# Exercise prompt
The listing is to be printed word for word, pictures omitted.

# Data
● ● ●

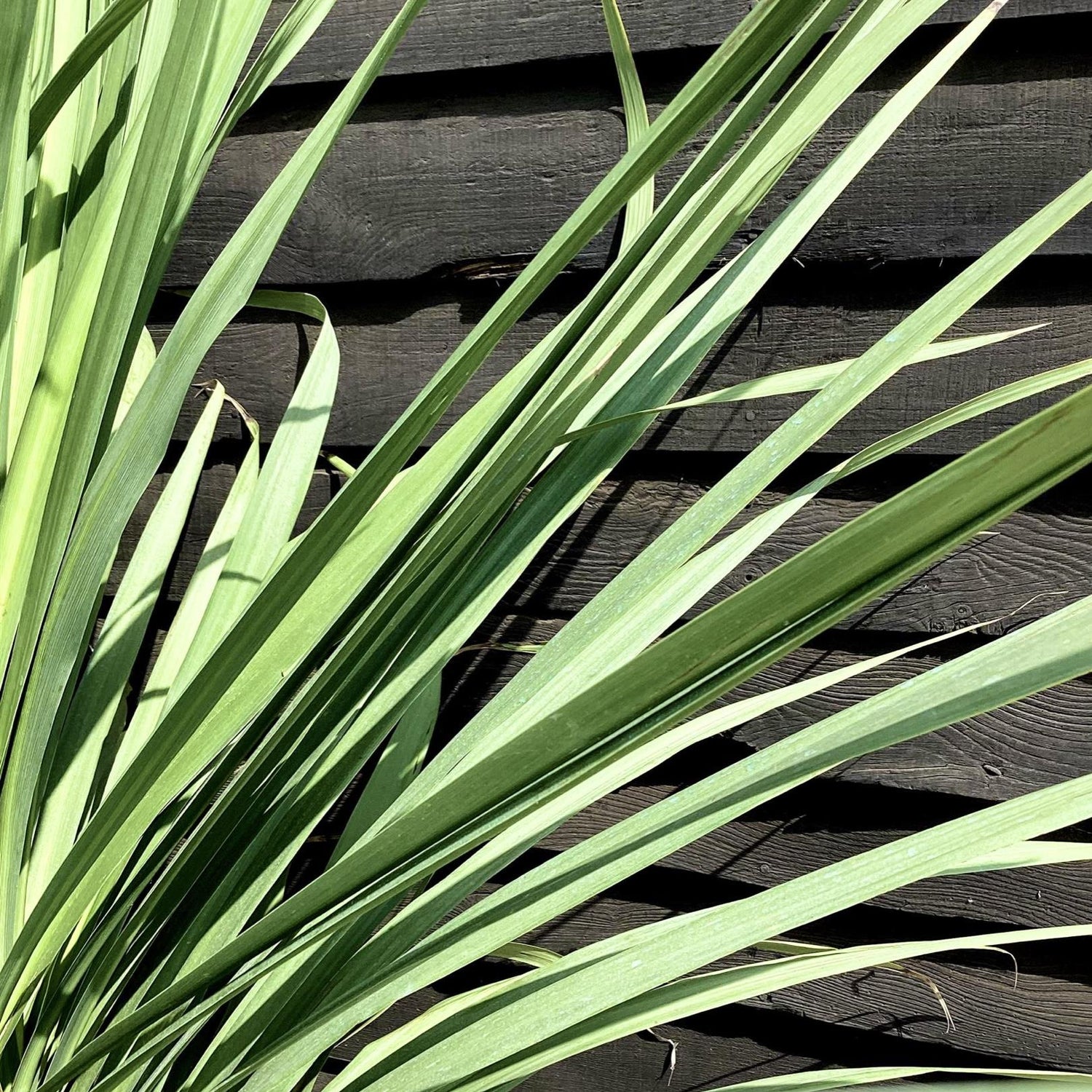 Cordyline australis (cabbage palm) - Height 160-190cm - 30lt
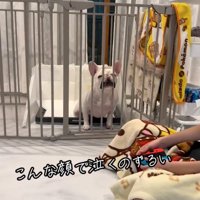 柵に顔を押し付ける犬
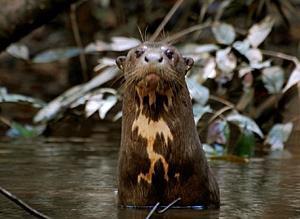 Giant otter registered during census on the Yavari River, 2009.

● ● ●

# Solution to this exercise
 Cordyline australis (cabbage palm) - Height 160-190cm - 30lt
 柵に顔を押し付ける犬
 Giant otter registered during census on the Yavari River, 2009.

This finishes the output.